Lazarus, who has long worked with Hinson on various projects, called her "a wonderful model for women in the business arena." She brings positive personal values to work, Lazarus said, and pays extraordinary attention to detail. Plus, she noted, Hinson is consistently positive.

"In the face of what might have other people running, screaming from the room, she's already working on where's the next opportunity, and how do we maximize that opportunity?" Lazarus said. "It simply is a mindset that really continues to make the most out of every business venture she is involved in for her clients."

And while clients praise Hinson for surrounding herself with a great staff, her staff praises her for offering a good work-life balance.

Mike Duffey, director of media relations at Hinson's agency, said everyone there understands the importance of volunteering in the community--for both employees themselves and the companies they represent.

"She gives you the freedom to do those kinds of things," he said. "I think Lisa runs her business like it's a family."

Duffey said Hinson allows him time off whenever he needs it, from visiting family in the hospital to spending time with his wife.
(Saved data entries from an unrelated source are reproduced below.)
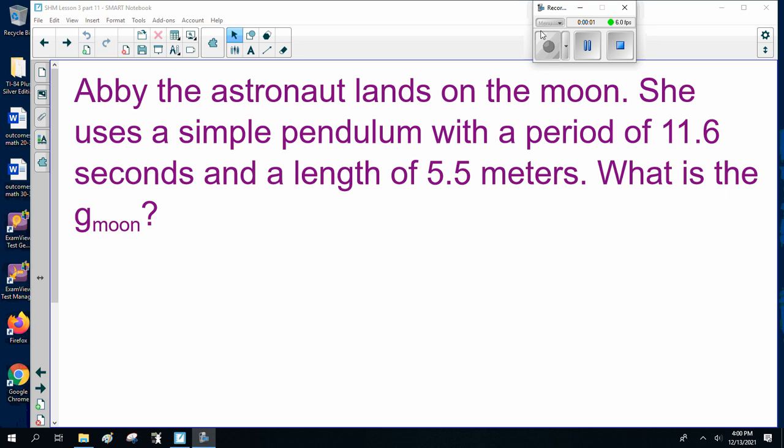Okay, ladies and gentlemen, welcome back to Physics 20, Simple Harmonic Motion Lesson 3, Pendulums, Part 2.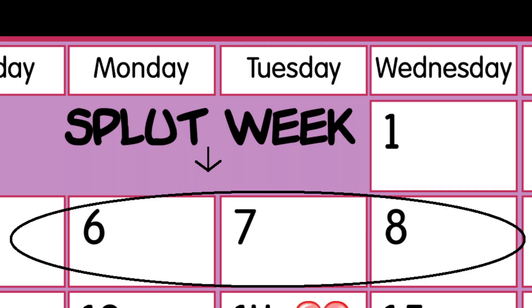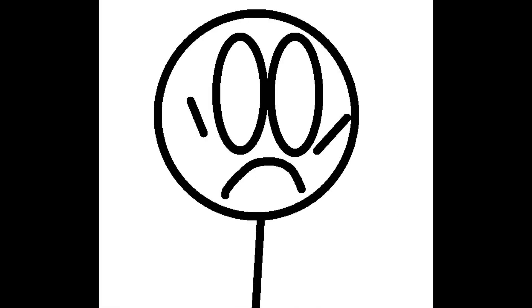Holy farts and garlic, it's Splot Week. Hey viewer, I need your help.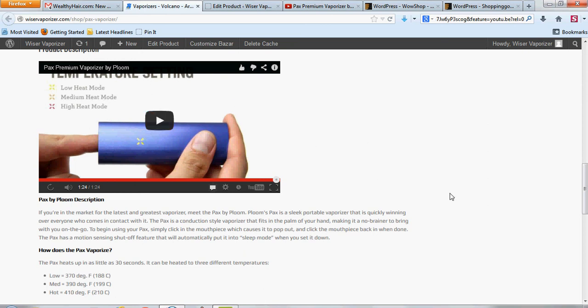Thank you all for watching. And this is, again, Thomas with buildingabiz.com. Thank you.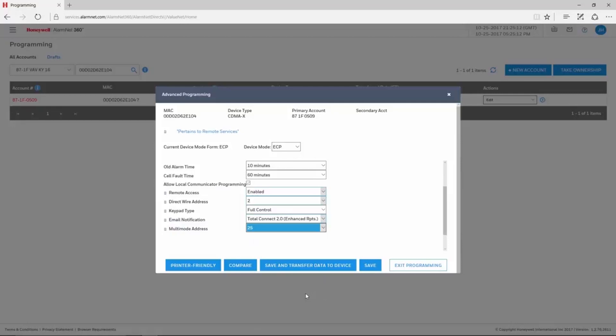If your panel is a revision 9, RAS can be enabled in field 91 of the panel by making the second value a 2. If your panel is a revision 10 or higher, no programming is needed.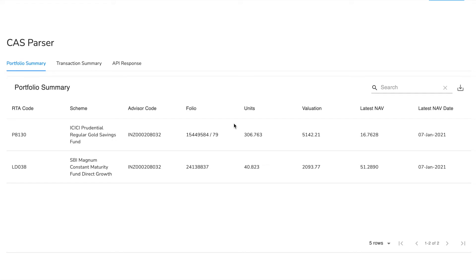Inside you'll find your portfolio summary, a transaction summary, and the raw response returned by the backend. So to begin, let's start with portfolio summary.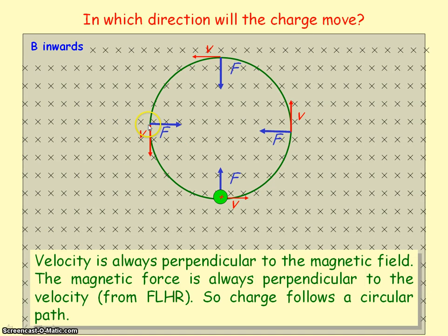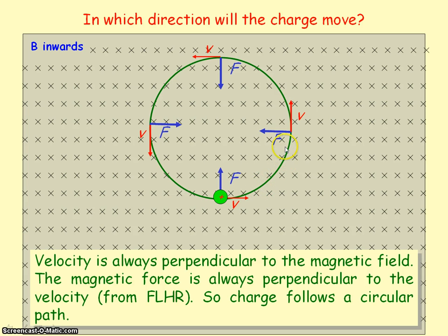If we apply Fleming's left hand rule for the entire path of the circle, we move our left hand so the second finger is always directed along the tangent of the circle, representing the velocity vector. You will see that the thumb is always directed toward the centre of the circle, confirming that the magnetic force always acts as the centripetal force.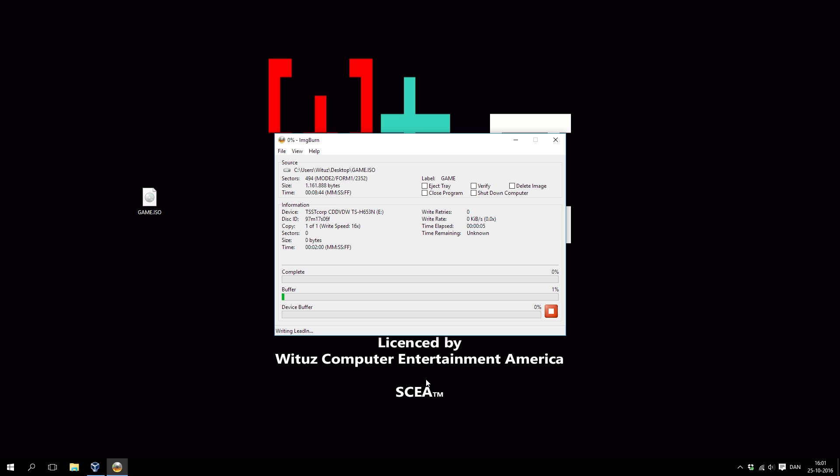Notice that you cannot use a CD that has the rewrite capability. You need to use a CD that you can only write once, because the PlayStation is not able to read rewritable CDs.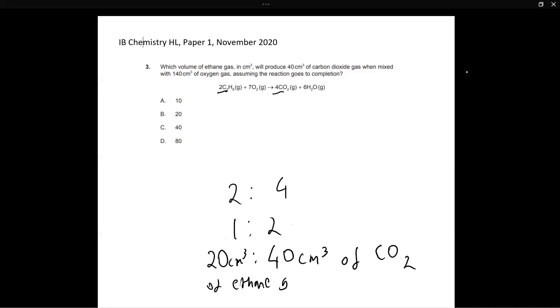And why is that? Because of the ratio. It's in the 1 to 2. So for every 1 mole of C2H6, you will produce 2 moles of carbon dioxide. So for every 20 centimeters cubed of ethane gas used, you're going to produce 40 centimeters cubed of carbon dioxide.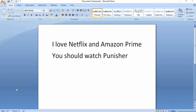Hey everyone, welcome back to my YouTube channel. Today we are going to learn a lot of common things — cut, copy, and paste — which is a lot of work for everyone. I am going to tell you how we do cut and paste.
And as a testament to the employees-are-family mantra, he noted, Hinson attended his swearing-in as a Worthington City Council member.

Looking back to her early years in the business, Hinson thinks of Al Dietzel, a former Limited executive who hired her at Limited Brands and supported her as she moved up with the company. She still has a business card he gave her when she was promoted to director of public relations at the company. On it, Dietzel wrote: "To whom it may concern: This woman is the best."

Juggling a successful public relations firm, philanthropic work and family isn't easy, Hinson conceded. She credits her husband, Alan, with supporting her and helping her manage parenting duties. They met as students at Ohio State University, and have been married for 20 years. Hinson said it's important for her daughter to see Alan at ballet recitals and other activities that might traditionally be seen as a mother's role. She hopes both her children will share her commitment to volunteering in the community.

Sometimes one part of her life ends up taking priority over everything else, Hinson said. She has learned to accept that. She said it's important for women to acknowledge that it's impossible to strike a perfect balance. "We women are always seeking balance. I'm not sure it's entirely achievable," she said. "You have to strive for a balance that's best for you."

And the balance Hinson has found, many say, is notably exceptional. "She's not just good at what she does," Lazarus said. "She's the best at what she does."